**Dataset excerpt:**
· · ·

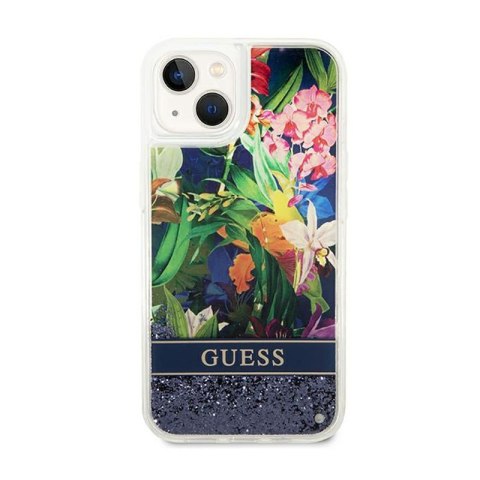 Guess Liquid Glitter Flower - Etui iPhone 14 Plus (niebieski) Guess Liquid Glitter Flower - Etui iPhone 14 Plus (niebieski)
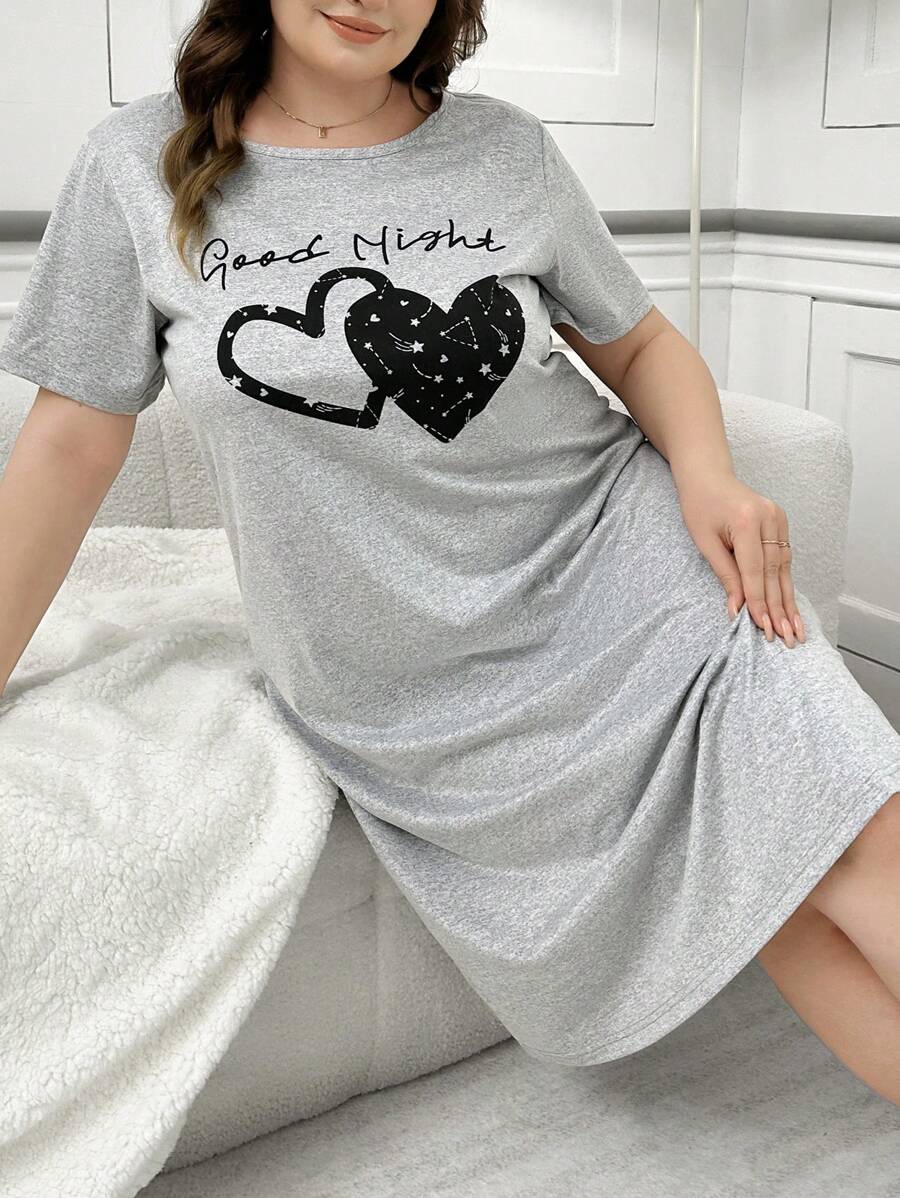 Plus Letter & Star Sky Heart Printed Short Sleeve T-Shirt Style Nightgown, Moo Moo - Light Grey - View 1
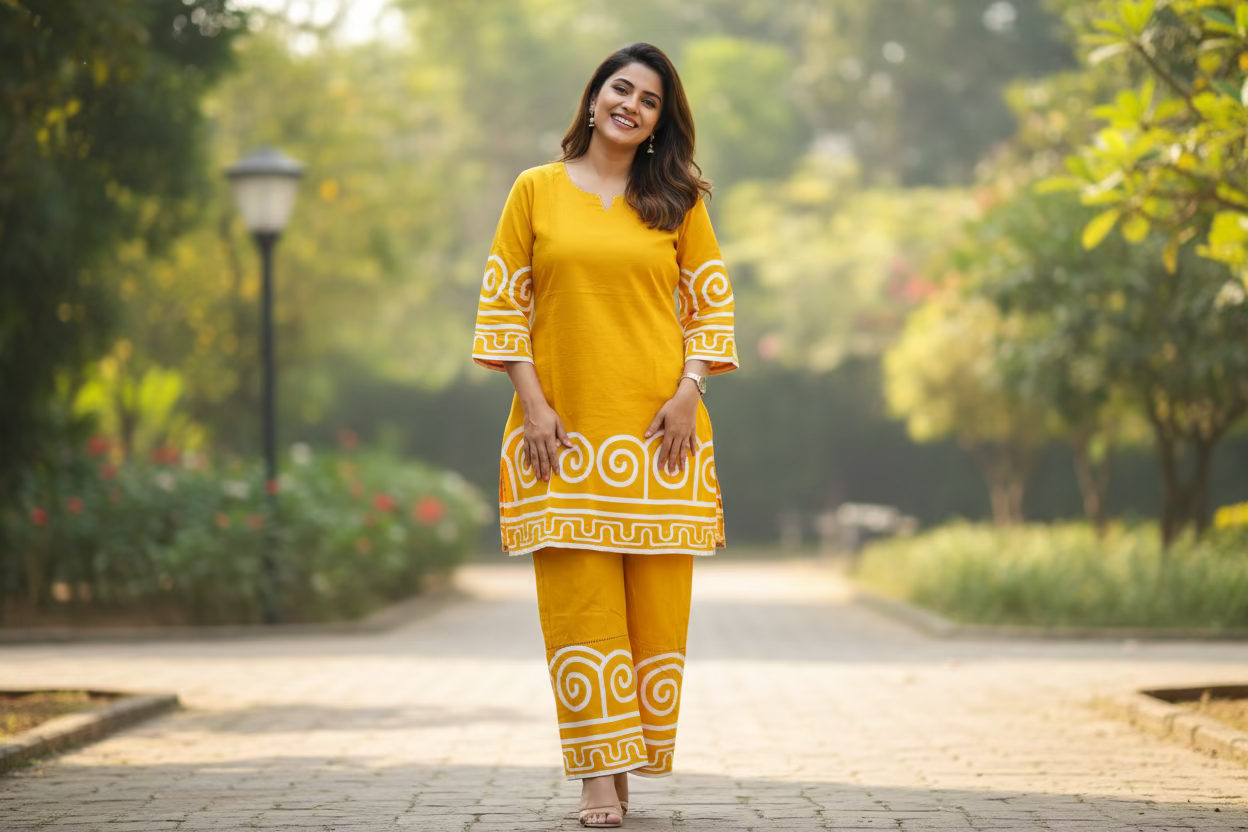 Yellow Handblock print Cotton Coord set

· · ·

**What is being asked:** Please copy the lines above, starting at the one that holds "Plus Letter &" and stopping after the last line, exactly as they appear and minus the pictures.

**Task output:**
 Plus Letter & Star Sky Heart Printed Short Sleeve T-Shirt Style Nightgown, Moo Moo - Light Grey - View 1
 Yellow Handblock print Cotton Coord set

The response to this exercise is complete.